An exact transcription of the listing, without its images, is what the answer must contain.

Supplied information: Begin

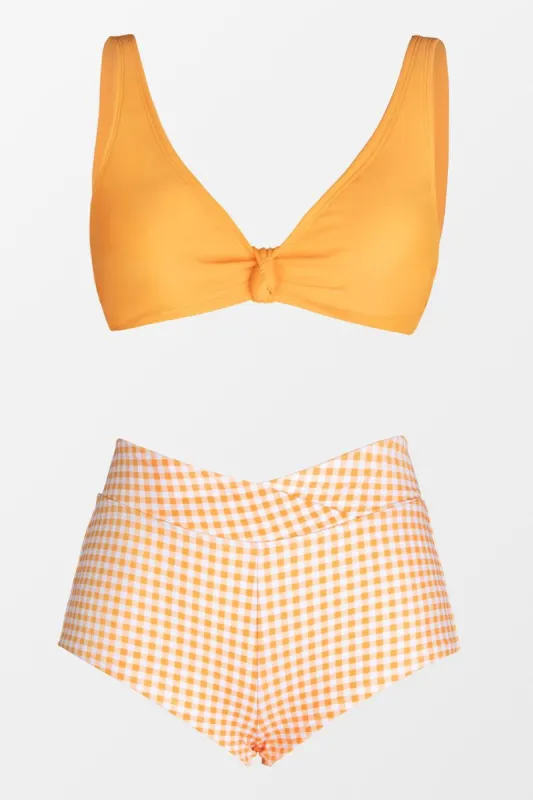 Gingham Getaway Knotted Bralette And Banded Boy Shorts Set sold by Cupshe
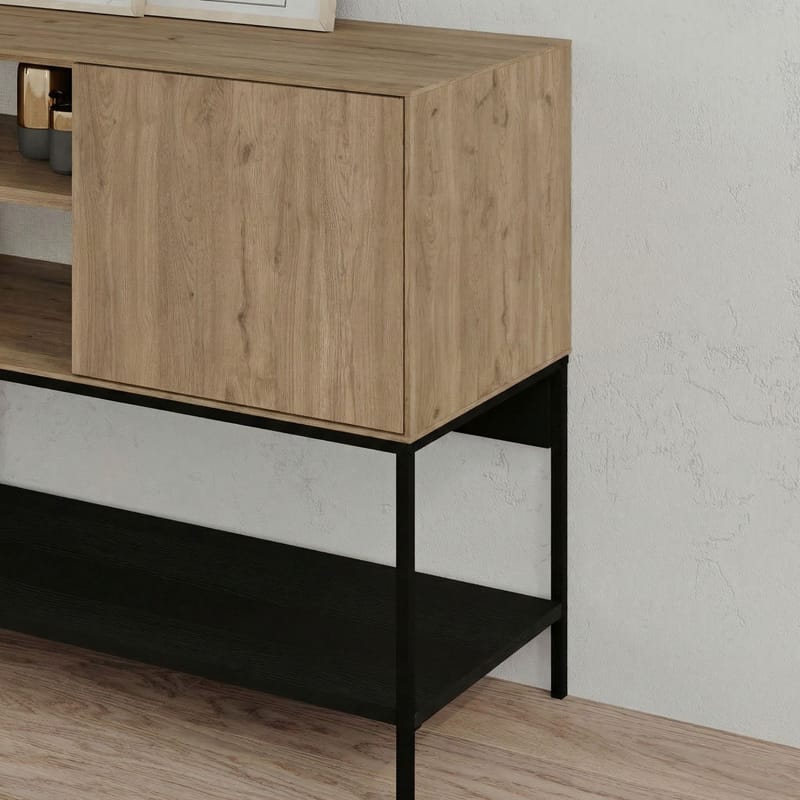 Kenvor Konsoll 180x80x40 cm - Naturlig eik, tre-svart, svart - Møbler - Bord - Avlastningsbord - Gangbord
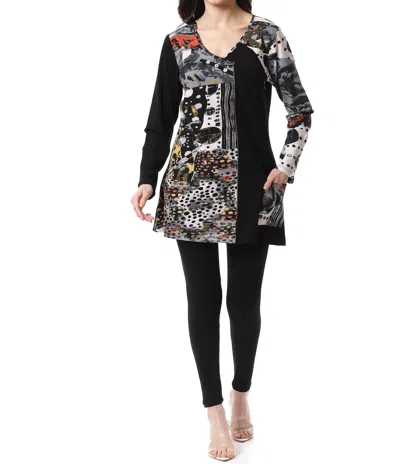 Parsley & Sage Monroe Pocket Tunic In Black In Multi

Supplied information: End

> Finished task
 Gingham Getaway Knotted Bralette And Banded Boy Shorts Set sold by Cupshe
 Kenvor Konsoll 180x80x40 cm - Naturlig eik, tre-svart, svart - Møbler - Bord - Avlastningsbord - Gangbord
 Parsley & Sage Monroe Pocket Tunic In Black In Multi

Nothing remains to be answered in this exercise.